Lately I've seen posts from people who feel alone, alienated, detached, distant, different, weird, alien, unique ... etc. etc. and notice that with
these feelings almost invariably also comes the feeling that this is
wrong, it's not "how it's supposed to be." I personally also feel this
way, feel that I am quite different from 'most people' and that my mind - and perhaps even my emotions - work differently from what's "normal,"
or at least differently from the majority of humans. (However, I'm also different in that I'm not upset about it, I'm quite comfortable being
weird.) I've also talked to lots of people who feel the same way, and/or complain about feeling lonely and uncomfortably "separate" from other
humans.
I also read
THIS THREAD here on ATS, and I'm sure there are others I haven't found.

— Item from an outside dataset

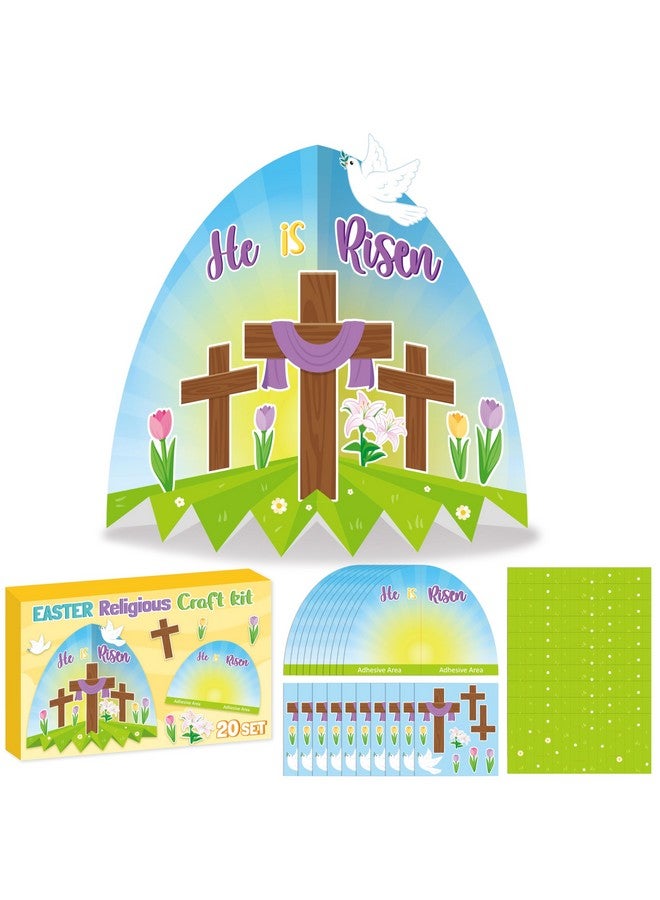 WATINC Easter Cross Craft Kit - Make Your Own He is Risen Scene Standable Diorama Thankful Crafts, DIY Jesus Faith Religious Cross for Classroom Sunday School Church Christian Day Easter Party (40Pcs) - Image 1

I'm quite unconvinced at present that we know all there is to know about the true origins of humans, and now I'm wondering: Were we supposed to have
a collective mind? Something like an insectoid hive mind, but not as restrictive?
There is some evidence for telepathy, and I have to believe in empathy (the ability to feel or pick up on others' emotions) because I have
experienced it myself, although I repressed it to a great extent in adolescence. Perhaps these abilities are the remnants of what we should have (or
did?) have.
Is it possible that many humans feel disconnected and isolated because we were supposed to have, or somewhere back in time did have, a collective
conscious, a connection to each other's thoughts and emotions?
Some "psychics" and "mediums" and new-agers will, I'm sure, tell me that not only are we supposed to have it, but we do have it. It exists and
some people can tap into it. That may be true, but obviously the majority of humans, especially those who feel alone and disconnected, can't tap into
it, so it doesn't exist for them. I'm wondering if we were ALL supposed to have that connectedness to each other.
Watch a flock of birds as they move together like one giant organism, and wonder how they can do it. How do they know? Is their reaction time so fast
that it seems to us like they all move simultaneously? I don't think so; if it were how would they ever be caught by predators? I think they are
connected at some level, and the whole flock knows what they are about to do before they do it.
A collective mind would have been a great asset back when humans were hunter/gatherers, allowing them to work together flawlessly to stalk and kill
animals they needed for food, and avoid trouble because they would all 'see' what any one individual saw. A collective mind might possibly explain
how some ancient civilizations did some things that we are puzzled by today.
I have to think that the world would have turned out differently if we were all connected; surely we couldn't wage war and hurt each other if we
were. But I'm really curious if anyone else has ever thought about this, and if anyone has thought that our state of being separate individuals who
can communicate with each other only through language, literature, and art is an unnatural state and not how we were intended to be. If, perhaps, the
feelings of loneliness and detachment that some feel are a true knowledge that our separateness is somehow wrong.